[Opening PROVIDED MATERIAL section]

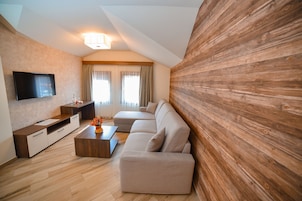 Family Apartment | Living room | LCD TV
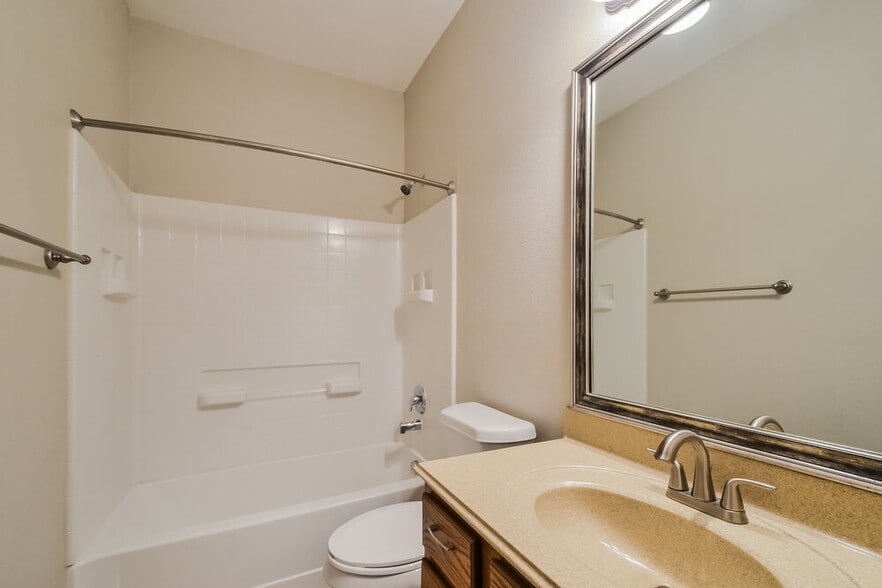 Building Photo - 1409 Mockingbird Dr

[Closing PROVIDED MATERIAL section]
[Opening PROVIDED MATERIAL section]

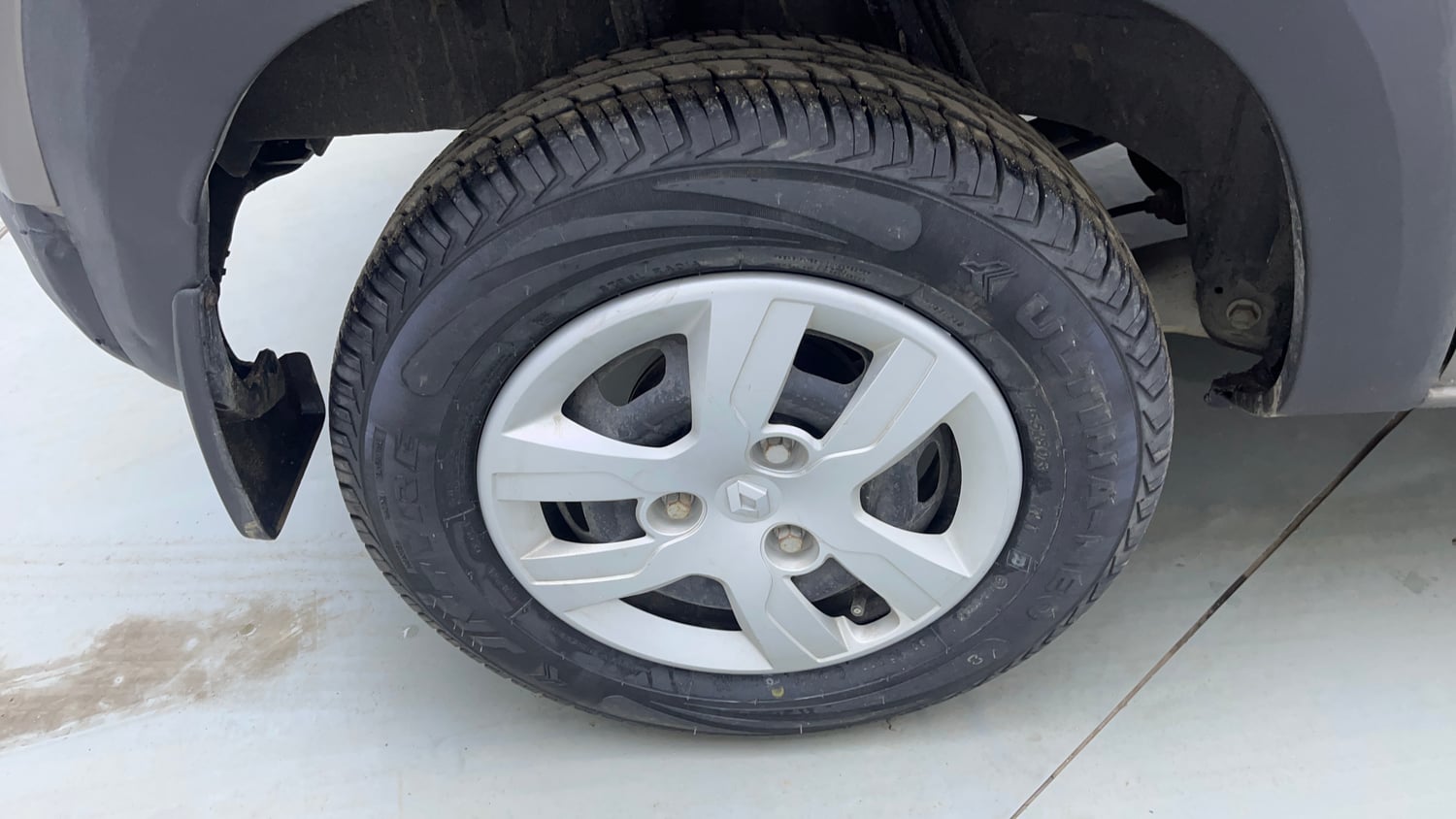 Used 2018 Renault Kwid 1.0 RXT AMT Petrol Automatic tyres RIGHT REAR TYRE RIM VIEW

[Closing PROVIDED MATERIAL section]
[Opening PROVIDED MATERIAL section]

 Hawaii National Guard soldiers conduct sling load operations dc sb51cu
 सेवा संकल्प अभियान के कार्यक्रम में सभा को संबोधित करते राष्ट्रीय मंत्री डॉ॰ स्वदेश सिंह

[Closing PROVIDED MATERIAL section]

▶ [PROBLEM REQUIREMENTS]: Only the lines starting at the one that includes "Family Apartment | Living room | LCD TV" and ending at the one that includes "Building Photo - 1409 Mockingbird Dr" should be retyped, exactly, from the records above; no pictures.

▶ [SOLVED PROBLEM]:
 Family Apartment | Living room | LCD TV
 Building Photo - 1409 Mockingbird Dr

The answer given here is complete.